For instance, the computation

(accumulate + 0 (filter odd? (enumerate-interval 0 n)))

constructs two lists: the enumeration and the result of filtering the
enumeration. When the accumulation is complete, these lists are no longer
needed, and the allocated memory can be reclaimed. If we can arrange to
collect all the garbage periodically, and if this turns out to recycle memory
at about the same rate at which we construct new pairs, we will have preserved
the illusion that there is an infinite amount of memory.

------
twotwotwo
>If the amount of RAM available to the runtime is greater than the amount of
memory required by a program, then a memory manager which employs the null
garbage collector (which never collects anything) is a valid memory manager.

A bit of a tangent, but I wonder GC is one reason Android devices moved to
larger RAM sizes faster than iOS did. (iPhone 5 == 1GB, GS3/N4/One == 2GB.)
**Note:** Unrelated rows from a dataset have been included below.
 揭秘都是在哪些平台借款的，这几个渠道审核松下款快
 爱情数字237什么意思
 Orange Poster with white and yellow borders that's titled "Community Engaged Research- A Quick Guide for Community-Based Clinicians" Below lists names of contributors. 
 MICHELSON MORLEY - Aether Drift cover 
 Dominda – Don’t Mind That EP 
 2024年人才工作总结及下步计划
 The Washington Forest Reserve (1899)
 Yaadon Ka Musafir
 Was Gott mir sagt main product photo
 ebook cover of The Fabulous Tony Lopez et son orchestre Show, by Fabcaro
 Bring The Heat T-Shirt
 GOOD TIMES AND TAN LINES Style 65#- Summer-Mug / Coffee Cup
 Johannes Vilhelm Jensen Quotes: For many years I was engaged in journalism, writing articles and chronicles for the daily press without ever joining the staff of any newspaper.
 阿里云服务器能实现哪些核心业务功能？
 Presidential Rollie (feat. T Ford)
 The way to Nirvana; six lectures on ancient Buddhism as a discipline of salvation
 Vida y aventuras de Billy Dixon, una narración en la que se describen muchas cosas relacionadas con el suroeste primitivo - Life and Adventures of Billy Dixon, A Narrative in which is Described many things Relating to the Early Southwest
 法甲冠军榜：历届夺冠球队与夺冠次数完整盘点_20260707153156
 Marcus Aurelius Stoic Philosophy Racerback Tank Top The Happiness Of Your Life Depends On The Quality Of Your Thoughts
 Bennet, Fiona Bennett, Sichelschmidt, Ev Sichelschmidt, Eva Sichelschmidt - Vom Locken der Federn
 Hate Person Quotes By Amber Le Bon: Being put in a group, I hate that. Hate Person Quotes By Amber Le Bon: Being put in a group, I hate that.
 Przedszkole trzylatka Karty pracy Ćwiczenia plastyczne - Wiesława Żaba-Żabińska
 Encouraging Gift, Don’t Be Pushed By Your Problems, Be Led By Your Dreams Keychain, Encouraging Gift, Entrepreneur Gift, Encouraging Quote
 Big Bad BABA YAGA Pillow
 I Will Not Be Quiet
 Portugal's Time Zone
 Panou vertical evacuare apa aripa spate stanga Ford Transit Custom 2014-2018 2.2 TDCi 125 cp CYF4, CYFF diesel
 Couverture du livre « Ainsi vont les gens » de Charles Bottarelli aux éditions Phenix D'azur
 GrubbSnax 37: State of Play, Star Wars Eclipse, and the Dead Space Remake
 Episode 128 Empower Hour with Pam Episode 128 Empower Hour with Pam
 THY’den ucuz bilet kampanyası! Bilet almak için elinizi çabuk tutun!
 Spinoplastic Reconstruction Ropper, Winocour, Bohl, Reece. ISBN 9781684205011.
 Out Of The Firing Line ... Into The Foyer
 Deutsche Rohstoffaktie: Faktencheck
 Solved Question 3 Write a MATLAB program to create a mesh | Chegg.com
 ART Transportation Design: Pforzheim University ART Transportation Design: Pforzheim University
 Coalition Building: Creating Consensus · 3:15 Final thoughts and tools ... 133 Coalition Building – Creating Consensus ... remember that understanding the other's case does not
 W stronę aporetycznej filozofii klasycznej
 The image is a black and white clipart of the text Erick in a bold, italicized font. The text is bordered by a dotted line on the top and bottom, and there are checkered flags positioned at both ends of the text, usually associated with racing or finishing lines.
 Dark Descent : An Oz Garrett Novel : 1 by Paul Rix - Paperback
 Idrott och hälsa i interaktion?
Under manual memory management or refcounting, running with RAM 90% full isn't
slower than 50% full. (Your app code isn't slower, at least; who knows it if
has effects via OS having less for cache or whatever.) But under GC, if 90% of
RAM is full of live objects, you'll be forced to GC several times as often as
you would if only 50% of RAM were full. So that 1GB->2GB bump might actually
_more_ than halve how often you have to collect.

There could be other reasons for the diff--maybe part of it is Android's more
permissive multitasking model, maybe non-GC-related memory-use differences
between Android/Java and iOS/ObjC, maybe greater focus on power consumption
from Apple or greater focus on specs from Android handset makers.

------
tehwalrus
This article got me thinking - I use quite a lot of C/C++ python extensions,
and I'm wondering if I could wrap some of my malloc calls (particularly the
ones that store an "inner C++ object" on a python class) as python byte
strings that are then pointer-cast to RAM for C++ to use, and then tidied up
by the garbage collector rather than a manual delete call later.

The only difficulty I can see is persuading the C++ constructor to run on an
arbitrary address?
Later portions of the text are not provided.